Во всех ответах на нравственно важную ценность темой является нравственный мир ценностей, его требование, следование его призыву, в конечном счете - покорность Богу. Это не является непосредственной темой в дружеской, родительской, супружеской любви. Ценностный ответ имеет здесь иную тему, а не тему нравственной значительности. Любимый человек - это великий дар нам, и личной темой является преданность ему в нашей любви, это преданность совершенно иного рода, нежели преданность нравственно значительным ценностям. Человек отдает - в той или иной степени в зависимости от вида и интенсивности любви - свое сердце: это жертвенность, которая, с одной стороны, ощущается не как свобода, свойственная волевому акту, а как дар, притяжение, а с другой - и не как исполнение нравственной обязанности. Тот факт, что другой человек достоин нашей любви, апеллирует не к нашей совести. С другой стороны, как мы видели, такая любовь не имеет характера легкого произвола. Но то, что может быть пожертвовано в такой любви и особенно в супружеской любви, - это, так сказать, принадлежащее человеку - как конкретной неповторимой индивидуальности - и его личной жизни, дарованное ему. Это придает подобной любви совершенно другой характер с нравственной точки зрения, нежели тот, что свойствен христианской любви к ближнему.

Это глубокое различие в нравственном плане выступает ярче всего тогда, когда мы принимаем во внимание, что христианская любовь к ближнему с необходимостью предполагает любовь к Богу, в то время как для естественной любви она не требуется. Это различие в первую очередь религиозное, но, очевидно, оно имеет огромное значение для нравственности.
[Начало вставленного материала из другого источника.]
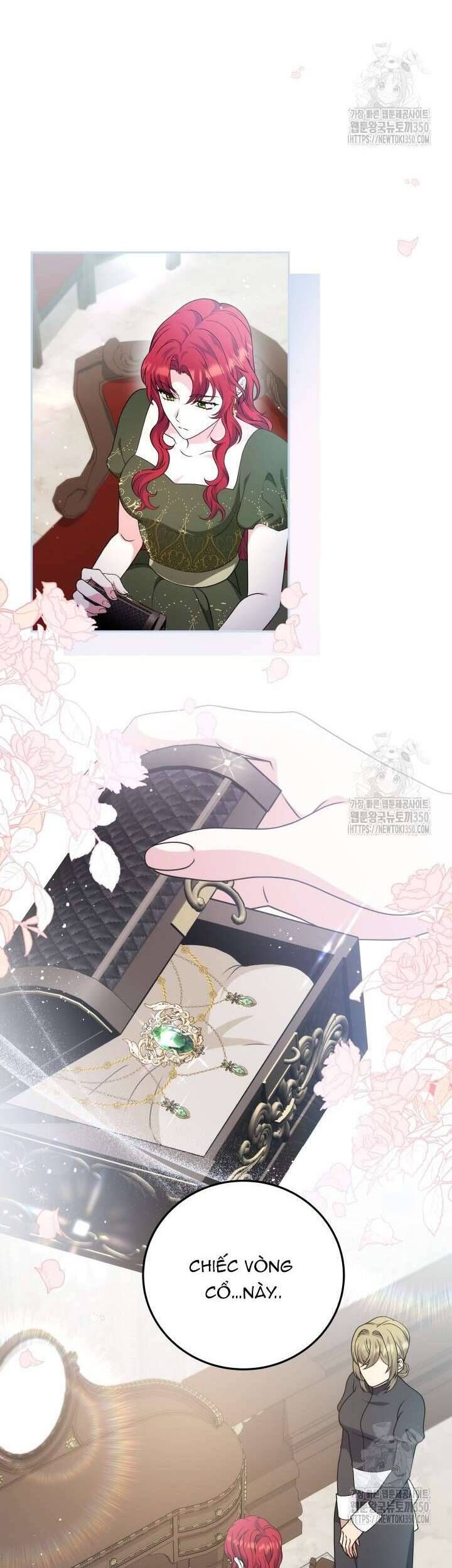 Khi Người Mẹ Kế Tham Vọng Làm Bá Chủ Hậu Cung Chapter 19 - Trang 2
Все виды естественной любви, такие, как дружеская, родительская, супружеская любовь, не обязательно предполагают даже веру в Бога и тем более - христианское откровение. Здесь идет речь не о том, что эти виды любви могут стать более глубокими, возвышенными, преобразиться через веру в Бога и через Бога и что только во Христе они могут достичь своего истинного, полного расцвета, а лишь о том, что они как таковые могут существовать и у язычников.
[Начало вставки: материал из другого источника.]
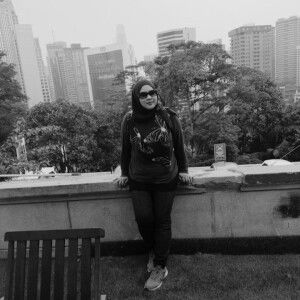 Yatie Azyatie profile icon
Христианская же любовь к ближнему, если мы даже отвлечемся от ее сверхъестественного характера в богословском смысле, с необходимостью предполагает христианское откровение и веру в него. Ценностный ответ на достоинства и красоту, свойственные всякому человеку, несмотря на все его возможные недостатки, с необходимостью предполагает, чтобы мы видели в нем imago Dei, Божественное создание, предназначенное для вечного единства с Богом. Как мы в дальнейшем ясно увидим, истинная христианская любовь к ближнему рассматривает ближнего в свете того факта, что он бесконечно любим Христом и что Христос умер на кресте и за него. Христианская любовь к ближнему неотделима от веры в Бога, явленного нам во Христе, и от любви к этому Богу. Но так как любовь к Богу является абсолютным ценностным ответом, в котором кульминируют все нравственные ценностные ответы, то совершенно ясно, какая пропасть отделяет христианскую любовь к ближнему от естественных видов любви, которые существуют и "у язычников". Но это одновременно показывает, что различие между христианской любовью к ближнему и всеми видами естественной любви далеко выходит за рамки естественной нравственности, поскольку в первой сияет слава сверхъестественной нравственности, дышит святость.
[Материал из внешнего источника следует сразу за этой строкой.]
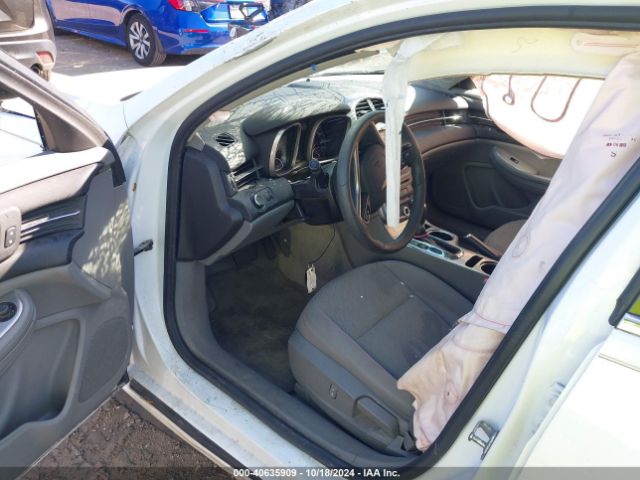 1G11B5SL8EF163933 Chevrolet Malibu 1ls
Но возникает вопрос: в какой степени это фундаментальное различие коренится в категориальном своеобразии любви к ближнему? Не связана ли неразрывно необыкновенная возвышенность христианской любви к ближнему с отступлением на задний план intentio unionis и с отсутствием в ней темы счастья? Ответ на это должен быть несомненно отрицательным, поскольку ведь в любви к Богу intentio unionis и тема счастья достигают своего полного расцвета, правда последняя - только как "побочная" тема. Напротив, решающее различие следует искать в том качестве, которое свойственно как любви к ближнему, так и любви к Богу, и которое, следовательно, не связано с категориальным своеобразием любви к ближнему. Это будет совершенно ясно, когда мы еще подробнее проанализируем качественное отличие христианской любви к ближнему от естественных видов любви.

Качественное различие между христианской любовью к ближнему и естественными видами любви

Мы можем любить кого-нибудь как друга и одновременно ненавидеть другого человека. Пылкая супружеская любовь совершенно не исключает одновременной ненависти к кому-то другому. В христианской любви к ближнему такое невозможно. Если кто-то по-христиански любит одного человека, то он не может быть одновременно полон ненависти к кому-то другому. Это обстоятельство очень хорошо высвечивает глубокое качественное отличие христианской любви к ближнему от' всякой "некрещеной" естественной любви.

Intentio benevolentiae

Мы лучше поймем причину этого различия сравнив intentio benevolentiae естественных видов любви с intentio benevolentiae христианской любви к ближнему.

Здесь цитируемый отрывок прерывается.